她干活又与之前这些人不一样,分饭前,她先拿长柄勺子将杂菜豆子粥搅匀再一勺一勺发下去平均地发下去。发完一遍还有剩,就再发第二遍。唯一的偏心是路过以前的囚室的时候,给老马和老穆多分一点。再看斯文男子半死不活地窝在角落里,也没有再特意去踩两脚。
第一顿饭分完,她就对一桶粥能盛多少碗有了点数。
到第二顿饭的时候,她就能差不多给每个人分几乎一样数量的粥饭了。分水也是这般,几乎能让所有人都分到一样份量的水。
单凭这一手,第三天她派饭的时候就没人聒噪了。犯人也不用抢,扑到木栅边早晚都分一样的量,秩序好了许多,也不因为分饭吵闹了。她也不惯着那些分饭时故意躺铺上让她等的人,说一声“吃饭了”,不过来的就当那人不饿,这一顿就别想从她手里拿到一片菜叶。
分饭、分水还有一样好处,就是干这个活的人可以先吃一点,不过分完水和饭之后要去洗桶、洗碗。他们洗碗洗桶也很随意,打点水上来,随便涮涮就得了。干这个的时候是要有狱卒看着的。
年轻的狱卒对她一挑拇指:“行啊,小子。”
祝缨道:“都落到这里来了,还有什么行的?”
惹得狱卒一阵笑,等分完了饭,没把祝缨重新关回牢里,又喊她到自己的值房分了她一个饼,半碟咸菜吃。入狱半个月,祝缨就与狱卒成了“朋友”。
牢头看完祝缨分饭,就不再阻止狱卒与祝缨经常一处说话了,有一天甚至分了个鸡蛋给祝缨吃。然后对年轻的狱卒说:“有空时,多与他说说话,那小子比你机灵呢。”
年轻的狱卒听了就不乐意了:“他哪儿比我机灵了?”
牢头道:“好吧,你跟他多说说话,等他出去了,你们还能做朋友。”
“啊?”
牢头道:“他就算出去了,也是与咱们‘差不多’的人。多个朋友多条路,他不像他对门住的那位,一旦出去了咱们连人家的大门也进不去,也不像老马那些人,那是混□□的,出去了不好交往。”
祝缨的来历他自觉是知道的,是能与小公子等有一点联系,或许是家仆又或许是什么能解接触到的普通人。
彼此所处的层级相仿,结个善缘就没有什么不好了。
牢头心里还神神叨叨的,觉得祝缨有点神异,相着点儿总没坏处。所以,即便祝缨没给他什么钱,他也没有就给祝缨脸子看。甚至觉得祝缨这样会来事的人,以后混得不会差,这等“识于微末”的“贫贱之交”最值得相处。
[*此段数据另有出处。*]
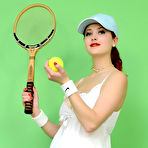 Pic of Lucy Vixen Tennis Lesson Pinup WOW - Cherry Nudes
祝缨在牢头的默许之下,在大牢里四处乱蹿。因为分饭公平,犯人们也渐渐同她正常说话。祝缨记下了牢中众人的情况,他们有两个像老马这样为一点不大不小的事进来的,应该是为了躲街面上的纷争。大多数是像老胡等人那样真的犯了案的,还有些是现抓的打架斗殴打死人的之类。
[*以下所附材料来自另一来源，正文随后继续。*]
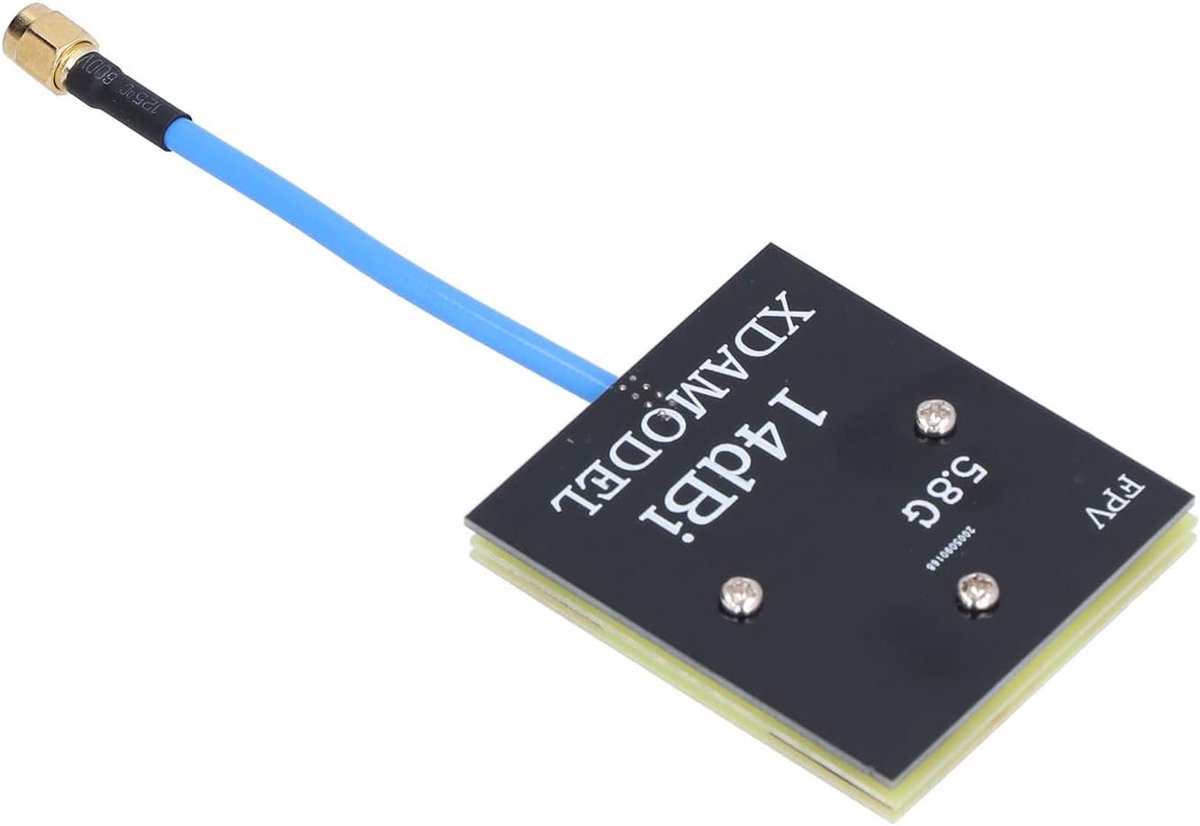 SnelShoppen - Directionele Patch Antenne Paneel Hoogvermogen Lichtgewicht Antenne FPV Systeem 5.8GHz 14 DBi 2.4GHz SMA Paneel Antenne voor Drone en Vi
牢里不时有人犯被提了出去,有的是发配、有的是流放,还有是徒刑。得移到城外修路、矿场又或者别的什么地方做苦役。又不时有新的犯人被抓了进来,这段日子以来,两类人抓得多。
一是□□火拼,二是与豪门欺压百姓有关。
这个少尹,倒像是真心想干实事的人。
牢里总少不了喊冤的人,斯文男子还会叫冤枉呢!他们自己说的话倒也算不得准。不过祝缨闲来无事,也把这些“冤枉”都问了一遍。有说自己不是贼,并没有同伙去偷盗什么王府的财物。还有说自己也没有骗奸父妾,是那个女人冤枉自己的。也有说肯定是邻居诬告了自己。
等等。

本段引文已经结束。